• What is being asked: Print nothing except the lines of the listing below from the line with "Каталог Быков производителей" to the line with "每爽MEISHUANG", each exactly as written, both ends included.

• Supplied data:
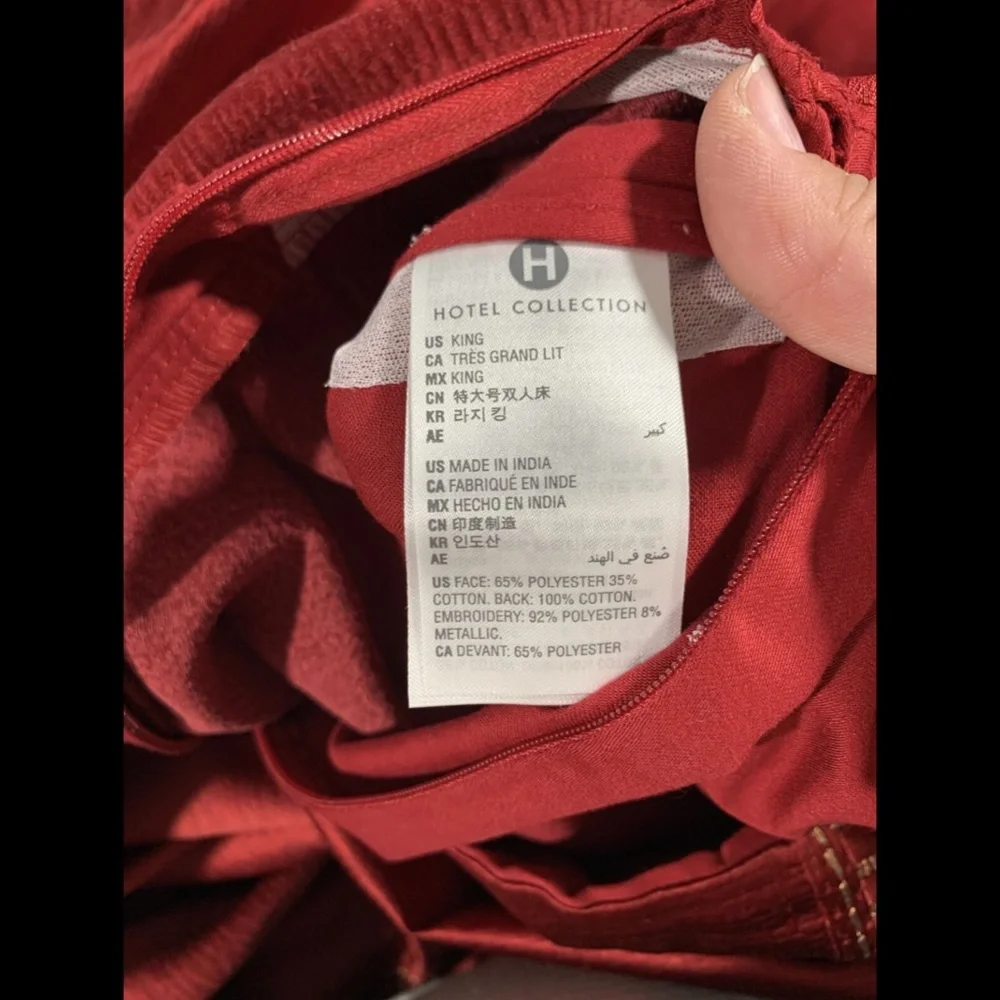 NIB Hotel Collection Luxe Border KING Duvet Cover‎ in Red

...

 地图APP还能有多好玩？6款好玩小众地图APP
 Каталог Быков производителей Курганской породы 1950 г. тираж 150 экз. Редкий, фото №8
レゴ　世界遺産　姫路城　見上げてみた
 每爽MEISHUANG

• Task solution:
 Каталог Быков производителей Курганской породы 1950 г. тираж 150 экз. Редкий, фото №8
レゴ　世界遺産　姫路城　見上げてみた
 每爽MEISHUANG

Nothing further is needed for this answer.